BRIEF
Omit images. Retype all entries verbatim.

INPUT RECORDS

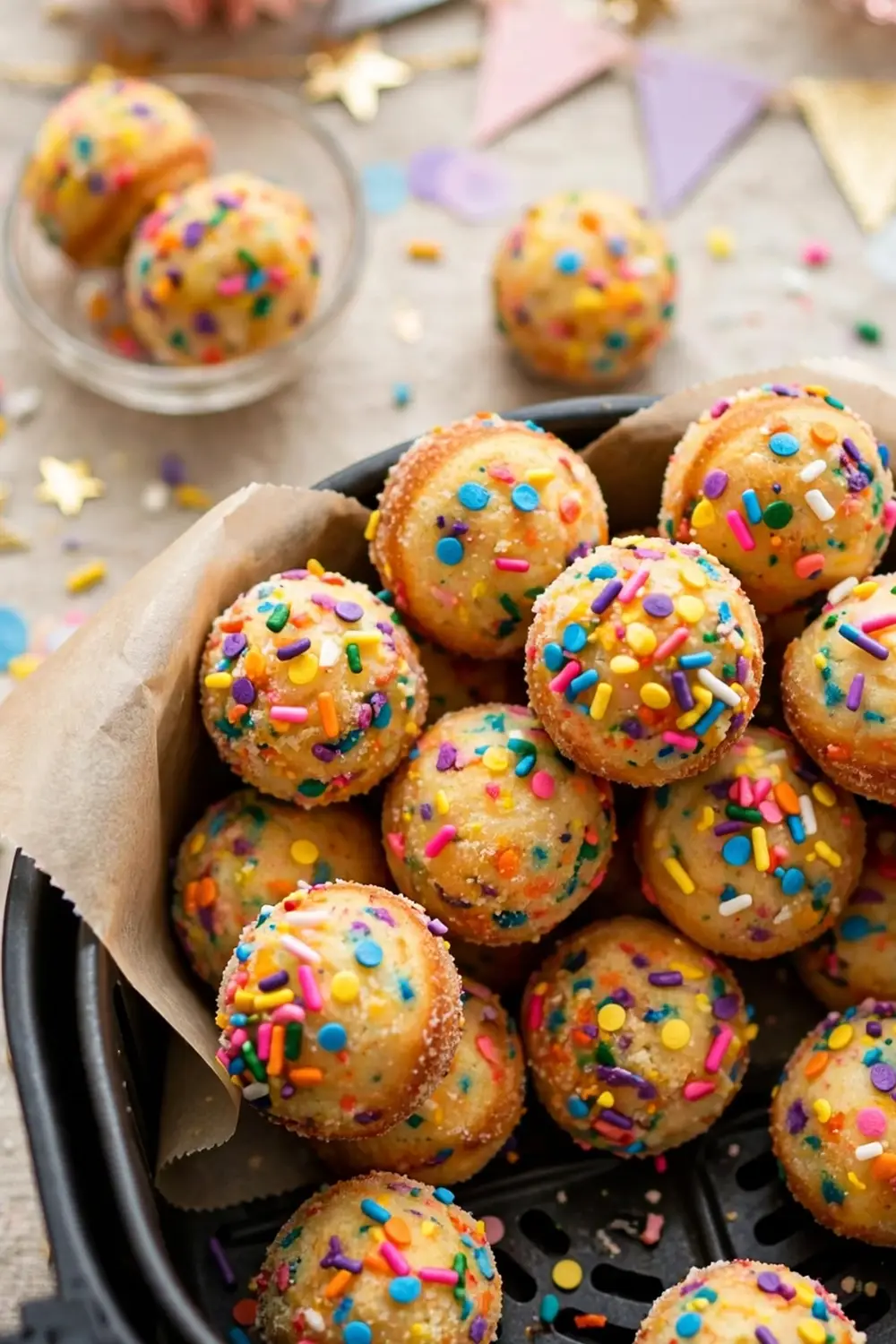 Donut bites 13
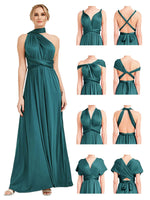 [Final Sale]Teal Infinity Bridesmaid Dress - Lucia from NZ Bridal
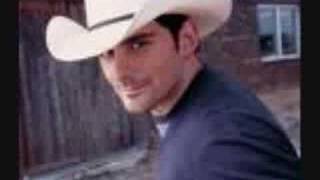 Brad Paisley- Letter To Me chords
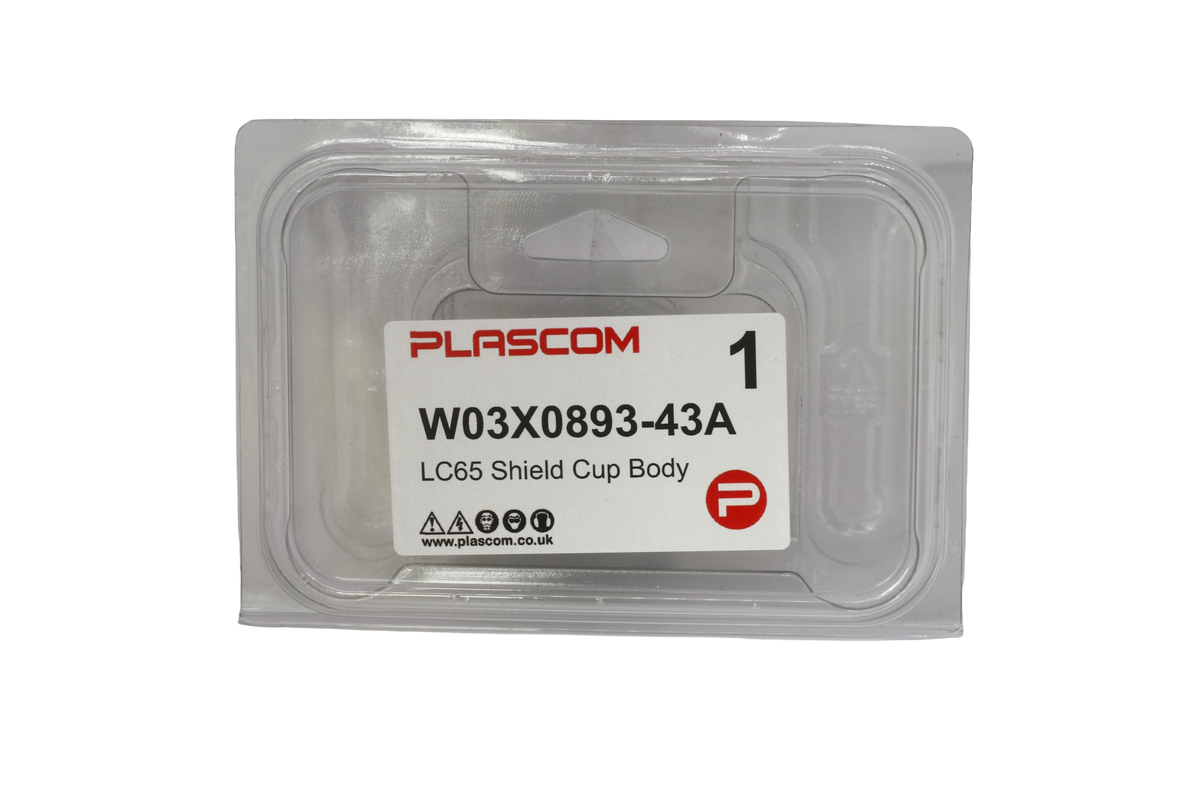 W03X0893-43A (KP2844-10) Tomahawk LC65 Shield Cup Body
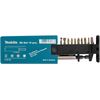 MAKITA SCHROEFBITSET 11-DLG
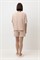  Е 20149/нюдовый беж пижама жен  Е 20149/нюдовый беж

WRITTEN RESPONSE
 Donut bites 13
 [Final Sale]Teal Infinity Bridesmaid Dress - Lucia from NZ Bridal
 Brad Paisley- Letter To Me chords
 W03X0893-43A (KP2844-10) Tomahawk LC65 Shield Cup Body
 MAKITA SCHROEFBITSET 11-DLG
  Е 20149/нюдовый беж пижама жен  Е 20149/нюдовый беж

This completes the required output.